In this memoir translated from the original Japanese, Ishikawa candidly recounts his tumultuous upbringing and the brutal thirty-six years he spent living under a crushing totalitarian regime, as well as the challenges he faced repatriating to Japan after barely escaping North Korea with his life. A River in Darkness is not only a shocking portrait of life inside the country but a testament to the dignity—and indomitable nature—of the human spirit.
I honestly think this book is the modern day Night. It’s just as harrowing a story and is something that needs to be talked about and pushed into the public eye more. I’m sat here worried about Brexit but at the end of the day, I’m going to have my family, food and a place to live – millions of people living in North Korea have none of these things. I know you can’t always compare your situation to situations such as this but it puts things into perspective and makes you realise just how easy you have it.
There are a few reviews of this that talk about how the book is all pain and misery, which is certainly true, but they talk about that in a negative way. I’m not sure what those people were expecting to read when they picked up this novel about an escapee of North Korea? Admittedly there isn’t a whole lot of resolution to the end of this book but I don’t think one man’s story of death and starvation could be anything other than pain and misery. I personally think this book was a courageous move on Ishikawa’s part and informs a new generation of the horrors of North Korea.
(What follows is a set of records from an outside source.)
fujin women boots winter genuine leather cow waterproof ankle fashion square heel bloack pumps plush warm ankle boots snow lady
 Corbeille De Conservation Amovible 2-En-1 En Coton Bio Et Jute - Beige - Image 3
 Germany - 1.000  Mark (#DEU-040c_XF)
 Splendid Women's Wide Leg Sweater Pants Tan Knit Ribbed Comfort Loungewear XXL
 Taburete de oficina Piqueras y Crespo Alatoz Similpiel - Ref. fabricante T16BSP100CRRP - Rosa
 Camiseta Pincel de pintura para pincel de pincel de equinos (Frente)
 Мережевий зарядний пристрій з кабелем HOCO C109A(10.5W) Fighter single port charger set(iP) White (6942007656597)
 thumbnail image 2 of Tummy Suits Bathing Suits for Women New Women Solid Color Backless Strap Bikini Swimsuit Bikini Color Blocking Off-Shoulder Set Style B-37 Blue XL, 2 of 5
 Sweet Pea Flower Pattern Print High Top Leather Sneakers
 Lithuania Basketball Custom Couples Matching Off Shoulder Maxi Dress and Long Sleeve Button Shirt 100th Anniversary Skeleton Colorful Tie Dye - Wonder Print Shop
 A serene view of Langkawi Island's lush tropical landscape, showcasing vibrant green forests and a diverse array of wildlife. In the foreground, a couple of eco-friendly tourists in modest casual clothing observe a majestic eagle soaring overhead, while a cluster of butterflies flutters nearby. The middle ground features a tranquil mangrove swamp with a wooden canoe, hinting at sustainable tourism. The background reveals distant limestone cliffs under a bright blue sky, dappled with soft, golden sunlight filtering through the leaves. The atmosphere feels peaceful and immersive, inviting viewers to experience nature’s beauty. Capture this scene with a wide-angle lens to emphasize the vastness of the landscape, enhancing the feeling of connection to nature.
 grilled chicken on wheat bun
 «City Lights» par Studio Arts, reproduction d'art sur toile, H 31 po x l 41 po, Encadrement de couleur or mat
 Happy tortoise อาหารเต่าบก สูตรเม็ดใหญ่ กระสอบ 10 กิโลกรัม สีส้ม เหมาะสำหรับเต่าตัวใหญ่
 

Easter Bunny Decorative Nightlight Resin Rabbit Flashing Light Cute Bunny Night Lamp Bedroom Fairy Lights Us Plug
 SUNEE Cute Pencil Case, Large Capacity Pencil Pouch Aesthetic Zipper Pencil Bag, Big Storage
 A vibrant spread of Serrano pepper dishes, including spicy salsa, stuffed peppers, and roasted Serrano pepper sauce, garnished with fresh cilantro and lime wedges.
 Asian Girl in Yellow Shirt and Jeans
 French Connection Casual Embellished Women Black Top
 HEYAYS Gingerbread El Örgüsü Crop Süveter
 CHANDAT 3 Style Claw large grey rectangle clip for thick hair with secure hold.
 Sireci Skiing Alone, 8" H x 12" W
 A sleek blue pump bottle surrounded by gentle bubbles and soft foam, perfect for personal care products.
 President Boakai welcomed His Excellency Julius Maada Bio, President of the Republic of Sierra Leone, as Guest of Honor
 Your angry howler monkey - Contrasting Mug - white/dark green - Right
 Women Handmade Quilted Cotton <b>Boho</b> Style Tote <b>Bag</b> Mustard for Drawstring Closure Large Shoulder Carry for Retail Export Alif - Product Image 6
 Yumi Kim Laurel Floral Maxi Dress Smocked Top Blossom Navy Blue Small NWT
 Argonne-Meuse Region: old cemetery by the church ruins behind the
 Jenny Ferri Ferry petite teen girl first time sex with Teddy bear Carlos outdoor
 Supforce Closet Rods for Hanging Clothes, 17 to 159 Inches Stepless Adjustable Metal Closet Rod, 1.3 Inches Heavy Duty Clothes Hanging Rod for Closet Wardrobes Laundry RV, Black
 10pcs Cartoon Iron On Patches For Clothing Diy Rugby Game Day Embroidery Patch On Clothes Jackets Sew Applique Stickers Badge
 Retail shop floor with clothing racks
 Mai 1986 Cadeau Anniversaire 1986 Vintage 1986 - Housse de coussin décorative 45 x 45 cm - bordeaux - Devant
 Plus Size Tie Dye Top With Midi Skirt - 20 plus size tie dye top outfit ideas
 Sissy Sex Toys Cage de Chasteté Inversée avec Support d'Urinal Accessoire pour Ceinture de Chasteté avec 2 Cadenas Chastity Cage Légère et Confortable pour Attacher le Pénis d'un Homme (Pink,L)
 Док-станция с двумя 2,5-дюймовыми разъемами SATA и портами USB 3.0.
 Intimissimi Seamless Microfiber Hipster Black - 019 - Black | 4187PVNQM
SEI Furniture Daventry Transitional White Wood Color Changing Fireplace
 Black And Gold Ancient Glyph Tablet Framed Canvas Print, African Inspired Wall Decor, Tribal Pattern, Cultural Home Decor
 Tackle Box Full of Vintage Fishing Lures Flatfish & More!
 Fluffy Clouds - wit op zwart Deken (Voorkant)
There’s not a lot I can say about this book other than it’s a truly haunting memoir that needs to be experienced firsthand. It’s a relatively short book but it drops us right into the middle of a modern-day nightmare that needs to be heard. This book has left a mark on me and it’s not something I’m ever going to forget reading. It’s brutal, dark, open, and honest, and it’s worth reading.
Reading books like this always makes me think about human right violations, not just in North Korea, but all over the world and I wish that I could do more to help those in need. I donate monthly to Amnesty International, if you have any spare money, any number of human rights charities are amazing causes to give to and aim to help people like Masaji Ishikawa.